Syarief a expliqué que la réalisation du statut de collaborateur de justice avait des conditions prescrites par la loi n° 31 de 2014 sur la modification de la loi n° 13 de 2006 sur la protection des prévéneurs et des victimes, ainsi que par la circulaire du Métréial Suprême (SEMA) n° 4 de 2011.

Selon lui, un collaborateur de la justice est un auteur d’une infraction qui travaille avec les forces de l’ordre pour aider à démasquer des infractions plus graves.

« Il y a deux conditions principales, à savoir que la personne concernée n’est pas le principal acteur et qu’elle admet ses actes », a-t-il dit.

Après avoir interrogé les suspects et examiné les preuves, les enquêteurs ont conclu que Sony Sonjaya était la partie la plus responsable du processus de détection ou de vérification des points de service de l’alimentation nutritionnelle (SPPG) qui faisaient partie de l’affaire qui était en cours d’enquête.

« Le frère SS est la partie la plus responsable de la détection ou de la vérification des points SPPG. Ainsi, le sujet est le principal acteur », a déclaré Syarief.

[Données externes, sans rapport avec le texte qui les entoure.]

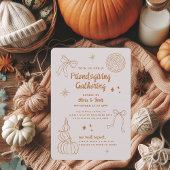 モダン ミニマル フレンズギビング ホリデー ガーデニング 招待状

Il a déclaré que l’affaire dont Sony Sonjaya est accusé concerne notamment les pratiques suspectes de vente et d’achat de points SPPG, ainsi que les pressions sur les finances de l’état dans le processus d’approvisionnement en biens et services.

Selon Syarief, la demande de justice collaboratrice soumise par Sony concerne également la présomption d’achat et de vente de points SPPG. Par conséquent, les enquêteurs estiment que le suspect ne remplit pas les conditions requises pour être une partie qui aide à identifier d’autres acteurs avec un rôle plus important.

En plus d'être considéré comme le principal coupable, les enquêteurs estiment également que Sony n'a pas reconnu ses actes comme prévu dans l'affaire.

« Lors de l’examen hier, aucun des enquêteurs n’a considéré que la personne concernée avait reconnu ses actes comme prévu », a-t-il déclaré.

En raison de ces deux raisons, le procureur général a décidé qu’il ne pouvait pas accorder la demande de justice collaboratrice soumise par Sony Sonjaya.

« Sur cette base, nous ne pouvons pas encore répondre à la demande de justice du collaborateur du suspect SS », a déclaré Syarief.

Cela dit, les enquêteurs apprécient toujours toutes les informations transmises par Sony pendant le processus d’examen. Les informations seront continuément approfondies afin d’aider à évoluer l’affaire dans son ensemble.

« Toutes les informations transmises aux enquêteurs sont très appréciées et peuvent être utilisées pour clarifier cette affaire. Cependant, pour les collaborateurs de la justice, nous sommes réduits aux lois existantes », a conclu-t-il.